Study material >>
● ● ●

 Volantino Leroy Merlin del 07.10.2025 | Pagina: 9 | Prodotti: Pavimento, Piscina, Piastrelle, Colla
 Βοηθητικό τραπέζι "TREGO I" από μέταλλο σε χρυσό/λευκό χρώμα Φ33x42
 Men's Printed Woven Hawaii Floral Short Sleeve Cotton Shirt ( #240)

● ● ●

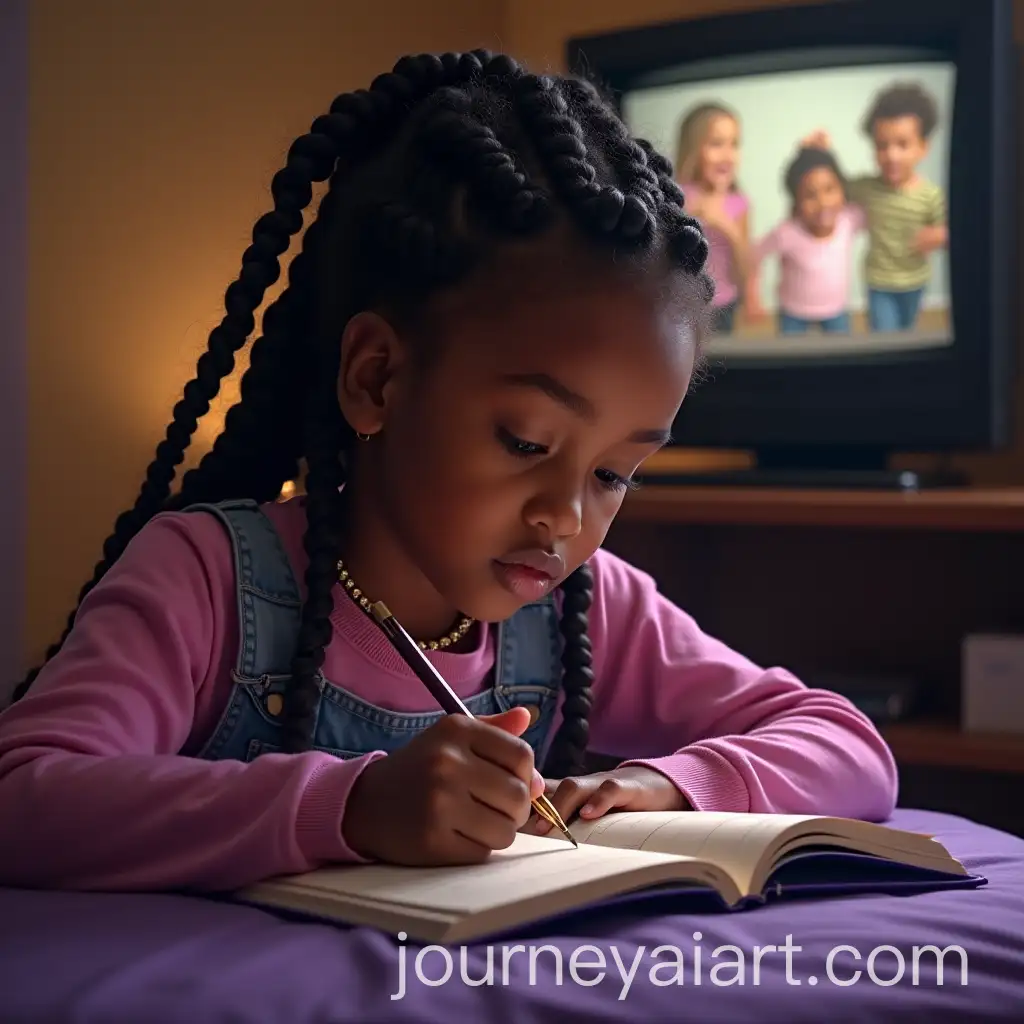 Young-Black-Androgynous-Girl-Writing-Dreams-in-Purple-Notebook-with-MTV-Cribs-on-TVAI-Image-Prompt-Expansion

● ● ●

Task objective >> Of the entries listed above, reproduce only the lines starting at the line containing "Volantino Leroy Merlin" and ending at the line containing "Men's Printed Woven". Include both, exactly as they stand.

Finished task >>
 Volantino Leroy Merlin del 07.10.2025 | Pagina: 9 | Prodotti: Pavimento, Piscina, Piastrelle, Colla
 Βοηθητικό τραπέζι "TREGO I" από μέταλλο σε χρυσό/λευκό χρώμα Φ33x42
 Men's Printed Woven Hawaii Floral Short Sleeve Cotton Shirt ( #240)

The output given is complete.